13. Changes to this policy

We may update this Privacy Policy. If changes are material, we will notify you via in-app notice or email and update the "Effective date" at the top. Continued use of the App after changes indicates acceptance.

14. Legal bases for EU users

If you are in the EU, our legal bases for processing personal data include:

• Performance of a contract (providing the App).
• Compliance with a legal obligation.
• Legitimate interests (app improvement, fraud prevention), balanced against your rights.
• Consent — where required (e.g., sensitive health data), we will obtain explicit consent.

15. CCPA & California residents

If you are a California resident, you may have additional rights under the CCPA, such as the right to opt-out of the sale of personal information and the right to request deletion. To submit a request, email info@creswave.co.ke.

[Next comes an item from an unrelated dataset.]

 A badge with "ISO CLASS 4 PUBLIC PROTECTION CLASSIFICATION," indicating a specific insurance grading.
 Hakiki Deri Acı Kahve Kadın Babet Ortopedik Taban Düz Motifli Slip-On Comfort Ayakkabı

16. Google Play disclosures

• We accurately disclose data collection and sharing in the Google Play Data safety form.
• If we collect location, contacts, or phone numbers, it is only with explicit user permission and for clearly stated features.
• If the app integrates advertising or advertising identifiers, that is stated above.

Make sure you keep the Google Play Data safety form synchronized with this policy and with actual app behavior.

17. Third-party links

The App may contain links to third-party websites. We are not responsible for their privacy practices. Review those sites’ privacy policies before providing information.